Works fine, but it's slow! I know lepl is a bit overkill for this job (regexp
problably would work). Is there any obvious way to improve the speed of this
parser?
I'm parsing a bunch of files. Each file has 2 lines, one line is parsed by the
first parser, and the other line is parsed by the 2nd parser.
def combine(results):
all = {}
for result in results: # a list of dicts
all[result['name']] = result['value']
return all
name = Word() > 'name'
value = Drop("'") & Word(AnyBut("'")) & Drop("'") | Word() > 'value'
arg = name & '=' & value > make_dict
spaces = ~Space()[:]
with Separator(spaces):
sep = ','
args = arg[1:,Drop(sep)]
l = Drop('Namespace(') & args & Drop(')') > combine
with Separator (spaces):
val = name & Drop(':') & value > make_dict
vals = val[1:] > combine
print l.parse_string ('''Namespace(alpha=0.10000000000000001, decim_phase=0,
delta=1.0000000000000001e-05, epsilon=0, errors=100, esnodB=13.07,
fftsize=1024, filter_type='none', freq=0, initial_error=0,
logname='test_btr_equal_coded.py.nbecker6.3204d546abd8e4b8fbf5243c8e9fc184.err',
loop_gain=0.0001, max_hours=12.0, max_iter=13, mod='16apsk', notch=False,
order=7, print_time=30, rate='8/9', si=32, size=16200, sps=2.2727270000000002,
symbol_rate=220000000.0, taps=25, tau=0, tolerance=0, wait_converge=2000,
wait_mse=None, wait_stable=1000)''')
print vals.parse_string ('''err: 0 packet: 28343 per: 0.0 mse: -13.0492273838
tau: 0.135622039908 delay: 93 corr: 205.260337205 phase: 0.635247951126
timing: 0.0116289076632''')
If you are using a parser more than once it is a lot more efficient to
create it and then use it. In the code you posted you are doing:
I.parse_string(...)
which is creating a parser each time it is called. Instead, try:
parser = I.string_parser()
parser.parse(....)
and then for repeated use, repeat the second line.

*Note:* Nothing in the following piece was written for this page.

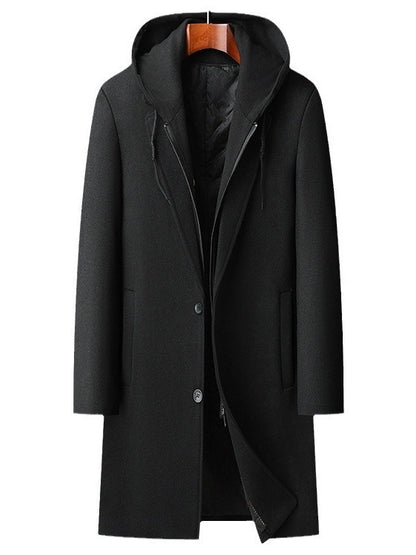 Men's hooded woolen coat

Someone else here suggested caching the parser, so that it would "just
work", and if I remember correctly that does now exist in the latest
code in subversion, but since the subversion code is in the middle of
a major refactor at the moment I would not suggest using it.
More generally, there are other ways to increase the speed of LEPL,
and the current refactoring will improve performance further. But
from what you said, I think the main issue here is that parse_string
creates a parser on each call.
Cheers,
Andrew
PS I am writing the above in a bit of a hurry from a hotel room; I
haven't checked anything so please forgive any typos. Hopefully the
general idea is OK.
2010/1/30 Neal Becker <ndbe...@gmail.com>:
> --
> You received this message because you are subscribed to the Google Groups "lepl" group.

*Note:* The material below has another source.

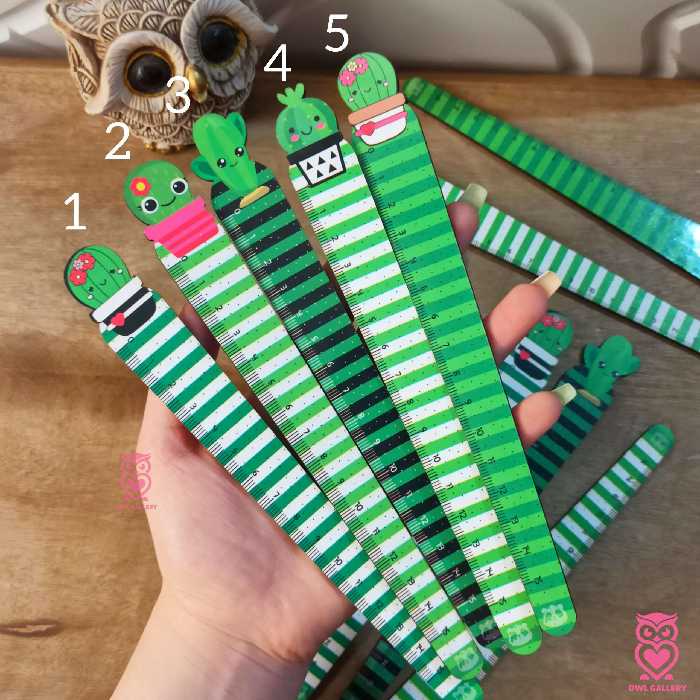 خط کش 15 سانتی چوبی طرح کاکتوس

> To post to this group, send email to le...@googlegroups.com.
> To unsubscribe from this group, send email to lepl+uns...@googlegroups.com.
> For more options, visit this group at http://groups.google.com/group/lepl?hl=en.
>
>
Thanks. Tried it - no noticable difference.
ah, yes.
> Thanks. Tried it - no noticable difference.

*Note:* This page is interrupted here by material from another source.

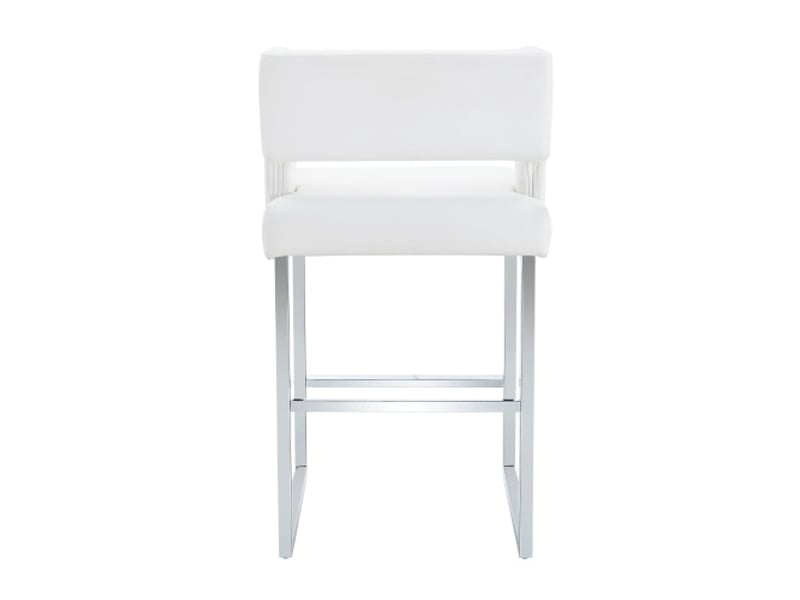  Lot de 2 tabourets de bar, tabourets blancs avec coussin, pieds en métal argentés  - Conforama D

then can you explain in more detail what is slow? perhaps provide
the code you are using for a timing test?
one other thing you can try is providing an empty Configuration() to
string_parser:
parser = I.string_parser(Configuration())
that will remove and memoisation, which can make simple parser slower.
andrew
I'm just watching it parse a list of files, and not measuring it scientifically.
It is much faster after making this change you just suggested.
> >> >c18 4.err', loop_gain=0.0001, max_hours=12.0, max_iter=13,
ah, ok. good, that makes sense. it was doing extra work that's
pointless in your case (the idea is that it works "out of the box" for
everyone, but it's not smart enough (yet) to automatically avoid the
extra overhead when it's not needed). also, the changes i am working
on at the moment will make it faster for this kind of problem.
cheers,
andrew
First, there is something disasterously wrong with the default config.
I need to work on that - sorry, I didn't realise it was that bad.
Second, I suspect that the following will give an additional increase
in speed over the previous fix (I can't be certain, because my code
base is slightly different, but I am seeing a speedup of a factor of
10 or so):
...string_parser(Configuration(rewriters=[regexp_rewriter(UnicodeAlphabet.instance,
False, DfaRegexp)]))
That rewrites much of the parser to be a regular expression, which
works really well for this particular case (at least in my tests).
Also, here's a slightly cleaner version of the parser (although less
general - it has a single space between args for example):
def combine(dicts):
return dict((d['name'], d['value']) for d in dicts)
name = Word(ascii_letters + '_') > 'name'
value = (String(quote="'") | Float() | 'False' | 'True' | 'None') > 'value'
arg = (name & '=' & value) > make_dict
line = Drop('Namespace(') & arg[1:,Drop(', ')] & Drop(')') > combine
parser = line[1:, '\n']
Andrew